“How do you know when your habit has become an addiction?” Yes, I was talking to myself once again. A question I presented to myself in the most delicate manner as I was driving home from physical therapy session.
“Should I still be lifting weights?” This question was asked by me but not to me this time but rather to my therapist just before my session ended.
I asked this because of the severe muscle cramps and joint pain I had which are caused by the flairs ups do to my fibromyalgia, which usually gets worse during the winter months. Of course, I knew the answer but had to hear it from a professional.
I mean come on, if it hurts to lift groceries in and out my car, if it hurts to lift a blanket off my body, why would I think lifting any kind of weights would be any better?
His professional opinion was yes and he started to remind me of the definition for insanity, I put my hand up in front of his face as if to say, “stop, I know”, nothing like being confronted with the obvious. I almost rolled my eyes at the dear man, who is old enough to be my father and kind enough to be my grandfather but out of respect, I just nodded and agreed.

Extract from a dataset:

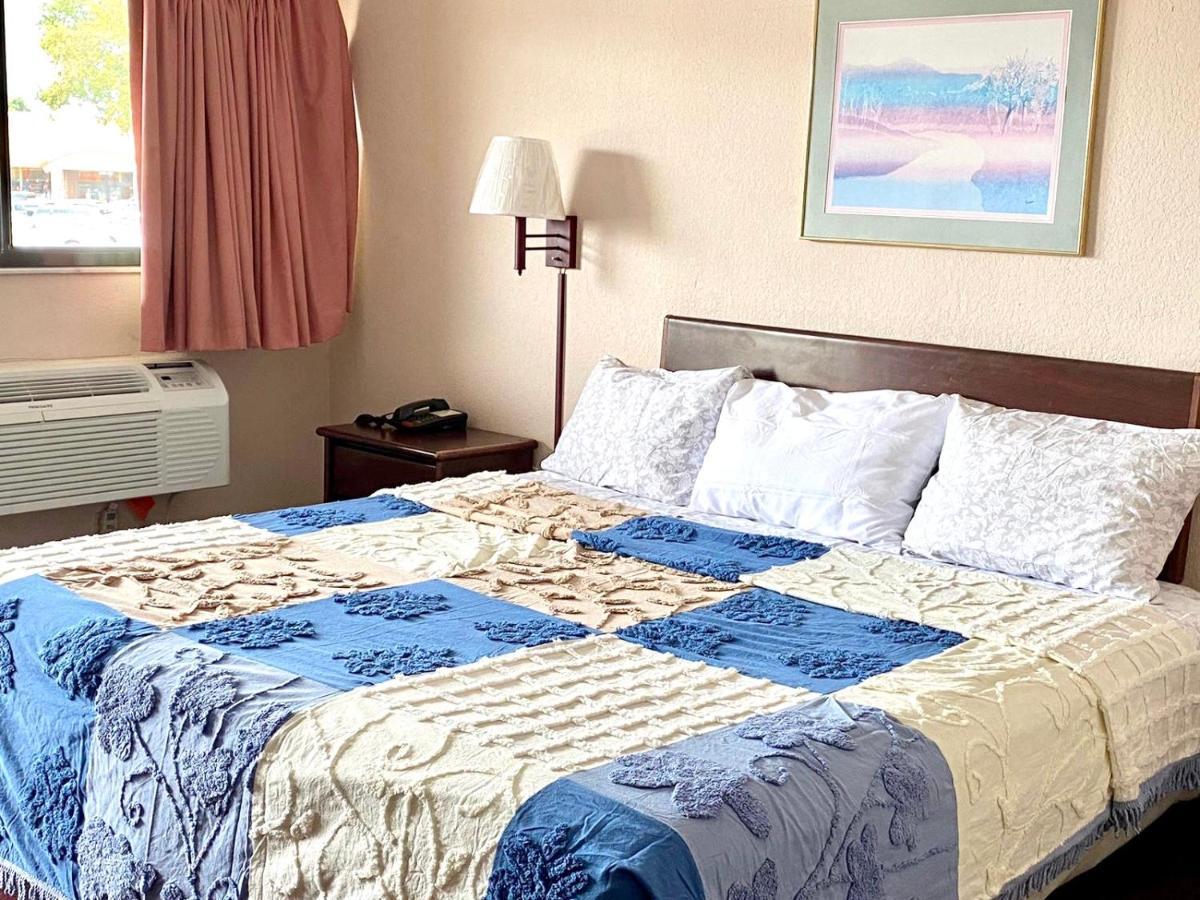 Regency Inn Fern Park 外观 照片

He was right; I had been doing the same thing repeatedly in hopes of strengthening my muscles. I had come to enjoy the endorphins that kicked in when I lifted and the results I had experienced from the workout but muscle strength I had not received, just the opposite had happened, my muscles had become week.
I thanked him for the session as well as the confirmation of what I had already known, scheduled my next appointment and headed for my car. Honestly, I was in a little fog as I got in my car to head home.
The familiar feeling of not wanting to give up a habit that was now bad for me brought me right back to my early years in recovery. “How could this be the same, this is exercise?”
The reality of it is this; there are those habits that are good for me and then those that are bad me. I know smoking is a bad habit, never a good choice. But then there are those habits that start out good and can turn into something bad, drug use for pain, food intake for pleasure, relationships, I could place anything in there and call it a habit and if I do it long enough it could become an addiction.
How did I know my habit of lifting weights had become an addiction? Simple, even though I had known it was causing me pain, harm and discomfort, I still could not imagine not doing it and even though I knew I should have stopped, I had to hear it from a professional and I still struggled with the answer.
After my realization in the car, I knew I had to quickly call my husband, not for sympathy mind you but rather for accountability, because I am queen of doing what I know I should not be doing especially if it looks and feels good. But ultimately what would happen is that my muscles would flair up and I would become completely useless to myself and others, it’s one thing if it just happens and another when I intentionally do something to harm myself.
It is crazy to think that in my flesh I would continue to do something just so I could reap the benefits of looking fit and feeling fine in the moment while paying the ultimate price of pain later on.
Therefore, how do I know when my habit has turned into an addiction? Well, here is the Webster’s definition of addiction. Addiction is the state of being enslaved to a habit or practice or to something that is psychologically or physically habit-forming, to such an extent that its cessation causes severe trauma.
I think I am safe to say that my habit had become an addiction; psychologically I could not imagine myself without it and severe trauma it had caused.